Impressies van Tom Watchunas over de tentoonstelling Mental Space in Kent State Unversity, Stark Campus, Ohio USA.

Slow Dancing at the Gallery
(The Eyes Have It, part 2)
By Tom Wachunas

I look at looking, mesmerized by how people view pictures in a gallery. It’s a fascinating mental choreography, this business of looking at art. Through the years I’ve reluctantly come to realize that far too many people look at art as if channel surfing television. A kind of Attention Deficit Disorder on a societal scale. We demand instant sensory satisfaction. When the goods aren’t easily delivered we move on quickly, never looking back. To our detriment.
The art of Belgian painter Maria Swinnen, on view at Main Hall Gallery on the Kent Stark campus through April 3, calls for a slow dance. Partnering with the ephemeral. Indeed, here Swinnen has partnered with fellow Belgian, Johan Teirlinck, a philosopher and author. Their joint installation is called “Mental Spaces.” You could, to some extent, call Swinnen’s work a visual manifestation, or illumination, of Teirlinck’s ideas presented in his 2005 book, “Today’s Mind: Mental Space, Contaminations and Serendipity.” But even without reading the book, which addresses “the world in our head,” Swinnen’s paintings are, in their own right, a captivating union of cerebral musings and haunting, visceral visions.
Swinnen’s paintings seethe with intense and subtle surface workings, mysterious depths, and shapes both amorphous and specific. They conjure memories recent and ageless, personal and universal. Paintings like “Pompei,” with its sketchy torso rising from a scuffled, fleshy ground, or the somber and eerie “Frozen Bed,” evoke the familiar as well as the enigmatic.
On Friday, April 3, Second April Galerie will host a presentation (with images) by Swinnen and Teirlinck from 6 to 7:30p.m. in the gallery’s Kathleen Howland Theatre. While you’re in the gallery, look for the paintings by Martin Bertman.
Like Teirlinck, Bertman is deeply grounded in philosophy, and his paintings share a similar spirit of visual exploration with Swinnen’s. Call it a kind of runic rumination. And like Swinnen’s paintings, Bertman’s are not immediately “beautiful” in the tradition of Caravaggio, van Eyck, or Monet, to name only some. Nonetheless, they are beautiful renderings of separate, personal, and perhaps even archetypal realities, and well worth our undivided attentions.
At one point in the film, “Lust for Life,” Kirk Douglas as Vincent Van Gogh, through his inimitable gritted- teeth, snarls at a flummoxed Anthony Quinn, playing Paul Gauguin, “You look too fast!” Likewise, take your time when looking at the art of Swinnen and Bertman, and for that matter, any art that at first may seem resistant to your advances. Leave the remote at home.
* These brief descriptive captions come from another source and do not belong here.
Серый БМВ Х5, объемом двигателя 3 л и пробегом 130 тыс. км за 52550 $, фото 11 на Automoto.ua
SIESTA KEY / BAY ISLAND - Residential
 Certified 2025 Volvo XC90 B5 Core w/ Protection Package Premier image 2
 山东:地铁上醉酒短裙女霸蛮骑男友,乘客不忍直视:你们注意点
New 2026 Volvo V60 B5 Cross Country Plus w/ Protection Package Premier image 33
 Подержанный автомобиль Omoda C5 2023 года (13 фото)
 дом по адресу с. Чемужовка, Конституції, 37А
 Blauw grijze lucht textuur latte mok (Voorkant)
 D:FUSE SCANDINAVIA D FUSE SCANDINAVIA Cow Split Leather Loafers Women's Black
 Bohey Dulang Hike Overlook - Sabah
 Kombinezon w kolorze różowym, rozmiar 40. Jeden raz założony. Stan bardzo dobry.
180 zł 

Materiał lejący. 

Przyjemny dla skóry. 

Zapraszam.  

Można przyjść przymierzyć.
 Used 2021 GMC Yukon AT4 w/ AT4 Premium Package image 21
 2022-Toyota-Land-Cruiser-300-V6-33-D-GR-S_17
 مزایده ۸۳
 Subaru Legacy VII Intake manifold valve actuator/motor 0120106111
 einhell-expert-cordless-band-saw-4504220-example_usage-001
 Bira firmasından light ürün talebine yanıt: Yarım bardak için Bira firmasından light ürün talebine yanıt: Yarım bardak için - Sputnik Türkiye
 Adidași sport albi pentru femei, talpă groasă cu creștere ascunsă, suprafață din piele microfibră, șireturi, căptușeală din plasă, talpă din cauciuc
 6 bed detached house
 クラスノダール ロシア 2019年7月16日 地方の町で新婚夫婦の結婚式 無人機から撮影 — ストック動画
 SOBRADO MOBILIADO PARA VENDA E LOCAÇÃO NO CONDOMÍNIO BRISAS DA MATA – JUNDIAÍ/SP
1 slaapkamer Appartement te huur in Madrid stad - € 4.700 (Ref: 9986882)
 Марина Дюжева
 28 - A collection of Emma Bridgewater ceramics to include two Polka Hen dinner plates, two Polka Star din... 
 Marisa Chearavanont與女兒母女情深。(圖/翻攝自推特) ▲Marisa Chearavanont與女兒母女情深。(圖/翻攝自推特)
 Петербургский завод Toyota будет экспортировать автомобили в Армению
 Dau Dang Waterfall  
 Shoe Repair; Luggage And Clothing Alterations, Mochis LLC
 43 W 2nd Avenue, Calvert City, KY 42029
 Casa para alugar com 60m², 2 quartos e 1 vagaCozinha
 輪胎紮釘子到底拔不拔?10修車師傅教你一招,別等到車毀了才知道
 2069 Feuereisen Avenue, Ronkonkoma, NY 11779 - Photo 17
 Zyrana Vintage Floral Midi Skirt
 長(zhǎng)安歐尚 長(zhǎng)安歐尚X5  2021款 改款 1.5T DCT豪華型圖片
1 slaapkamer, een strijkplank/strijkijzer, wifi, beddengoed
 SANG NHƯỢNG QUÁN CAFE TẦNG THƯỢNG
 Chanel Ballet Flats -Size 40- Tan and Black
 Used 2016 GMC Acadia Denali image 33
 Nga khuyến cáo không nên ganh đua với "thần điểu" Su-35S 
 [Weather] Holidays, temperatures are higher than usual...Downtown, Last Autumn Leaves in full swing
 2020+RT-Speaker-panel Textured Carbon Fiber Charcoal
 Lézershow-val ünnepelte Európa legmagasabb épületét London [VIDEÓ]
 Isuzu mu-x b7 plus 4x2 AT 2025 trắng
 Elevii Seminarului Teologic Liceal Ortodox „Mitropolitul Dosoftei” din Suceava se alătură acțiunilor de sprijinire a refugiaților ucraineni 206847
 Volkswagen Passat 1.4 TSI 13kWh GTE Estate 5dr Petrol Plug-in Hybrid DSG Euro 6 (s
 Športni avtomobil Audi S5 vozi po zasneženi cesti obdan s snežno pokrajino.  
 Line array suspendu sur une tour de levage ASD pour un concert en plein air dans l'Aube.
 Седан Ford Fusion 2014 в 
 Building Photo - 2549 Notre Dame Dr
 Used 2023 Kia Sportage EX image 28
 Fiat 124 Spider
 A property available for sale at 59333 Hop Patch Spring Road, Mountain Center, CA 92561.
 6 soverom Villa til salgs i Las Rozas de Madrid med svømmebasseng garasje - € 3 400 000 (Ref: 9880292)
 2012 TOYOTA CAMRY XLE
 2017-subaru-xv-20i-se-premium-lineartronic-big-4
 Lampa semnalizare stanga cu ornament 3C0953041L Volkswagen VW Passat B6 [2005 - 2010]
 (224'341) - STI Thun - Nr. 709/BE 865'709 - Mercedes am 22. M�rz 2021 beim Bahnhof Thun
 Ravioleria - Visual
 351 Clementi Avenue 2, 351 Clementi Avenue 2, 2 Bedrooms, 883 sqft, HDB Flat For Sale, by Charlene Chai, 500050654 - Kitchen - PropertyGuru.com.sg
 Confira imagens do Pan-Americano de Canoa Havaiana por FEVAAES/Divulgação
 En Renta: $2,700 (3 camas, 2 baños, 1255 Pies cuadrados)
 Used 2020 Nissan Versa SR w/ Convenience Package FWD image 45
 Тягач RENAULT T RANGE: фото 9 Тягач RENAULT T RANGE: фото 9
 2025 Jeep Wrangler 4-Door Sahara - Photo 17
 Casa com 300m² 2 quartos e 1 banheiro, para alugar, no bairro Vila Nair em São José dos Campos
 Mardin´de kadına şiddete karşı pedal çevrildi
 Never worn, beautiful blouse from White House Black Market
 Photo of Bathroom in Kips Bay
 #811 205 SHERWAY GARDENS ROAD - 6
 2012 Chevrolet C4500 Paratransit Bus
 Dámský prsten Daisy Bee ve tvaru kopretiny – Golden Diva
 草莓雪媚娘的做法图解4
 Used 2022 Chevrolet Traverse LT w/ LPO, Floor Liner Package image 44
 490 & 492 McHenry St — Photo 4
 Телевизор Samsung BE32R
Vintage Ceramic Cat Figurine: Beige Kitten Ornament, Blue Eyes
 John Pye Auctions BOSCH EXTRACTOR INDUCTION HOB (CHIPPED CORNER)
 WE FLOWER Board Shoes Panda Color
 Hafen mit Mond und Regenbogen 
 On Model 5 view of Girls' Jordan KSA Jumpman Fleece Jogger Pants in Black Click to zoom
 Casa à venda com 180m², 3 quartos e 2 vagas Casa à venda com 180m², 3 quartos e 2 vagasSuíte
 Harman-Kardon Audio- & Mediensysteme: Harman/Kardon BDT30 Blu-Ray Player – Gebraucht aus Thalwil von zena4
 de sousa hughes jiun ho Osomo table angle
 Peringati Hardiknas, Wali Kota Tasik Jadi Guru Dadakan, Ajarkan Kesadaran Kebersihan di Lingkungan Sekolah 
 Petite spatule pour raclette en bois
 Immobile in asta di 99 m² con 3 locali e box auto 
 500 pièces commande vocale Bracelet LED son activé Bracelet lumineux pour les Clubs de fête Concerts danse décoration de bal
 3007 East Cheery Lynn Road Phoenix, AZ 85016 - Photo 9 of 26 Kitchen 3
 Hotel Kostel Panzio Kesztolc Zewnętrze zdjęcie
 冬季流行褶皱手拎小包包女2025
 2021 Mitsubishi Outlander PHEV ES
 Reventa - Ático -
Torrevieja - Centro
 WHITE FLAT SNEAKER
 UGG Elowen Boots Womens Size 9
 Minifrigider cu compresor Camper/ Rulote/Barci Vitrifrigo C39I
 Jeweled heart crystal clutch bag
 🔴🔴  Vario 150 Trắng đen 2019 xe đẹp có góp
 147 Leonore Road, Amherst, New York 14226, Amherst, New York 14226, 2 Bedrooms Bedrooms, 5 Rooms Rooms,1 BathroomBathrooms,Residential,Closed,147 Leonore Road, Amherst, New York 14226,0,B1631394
And rather than hip-hopping by the picture, try doing a tender waltz with it. Such work deserves an intimate pas de deux.
Look slowly. Live longer. Savor the dance.

This and other commentaries, critiques, and observations by Tom Wachunas can be found on his blog, called Artwach, located at   www.artwach.blogspot.com

Your comments are invited and encouraged, or you can e-mail him at
twachunas@yahoo.com     Write on.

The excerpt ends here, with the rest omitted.